Inspiré d’un vrai souvenir, j’ai écrit ce passage fin 2011, quelque chose que j’ai rajouté après que l’ensemble du texte soit terminé. Je me souviens très bien du moment où j’ai écrit ces lignes, j’étais contente de moi, ça avait surgi d’on ne sait où, le territoire mystérieux, et ça m’avait plu, je trouvais parfait la trouvaille, cette scène allait très bien avec le personnage, avec la situation (trois personnes passaient ensemble la nuit, hébergées en urgence dans une école à Lunel à cause de trains arrêtés, une vague d’attentats dans toute la France) (en 2011, je croyais avoir écrit un roman d’anticipation…).
Donc il y a ce passage dans lequel je décris précisément le doigt qui s’enfonce dans l’aorte.

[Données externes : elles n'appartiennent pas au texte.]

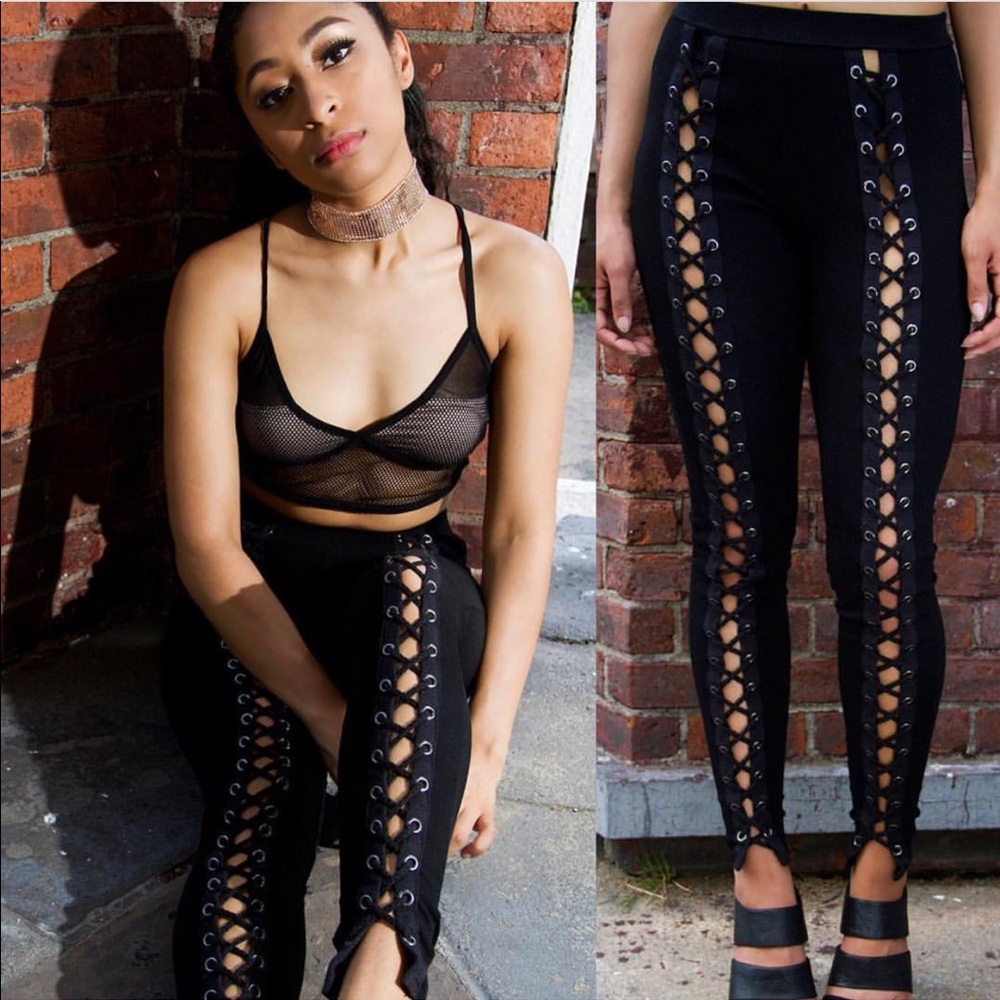 Laced Up Leggings‼️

En avril-mai 2012, quand j’habitais dans le service de cardiologie, je pensais à ça tout le temps, à mon doigt que j’avais glissé, sur les conseils de l’instituteur, à l’intérieur de l’aorte du cœur de bœuf.
Et quand les médecins – le clan au bout du lit – me disaient « valve aortique », je pensais à deux choses : à « chaotique » et au coeur de boeuf posé sur le bureau en classe de CM2, école primaire La Clairière, le gros coeur avec mon doigt enfilé dedans.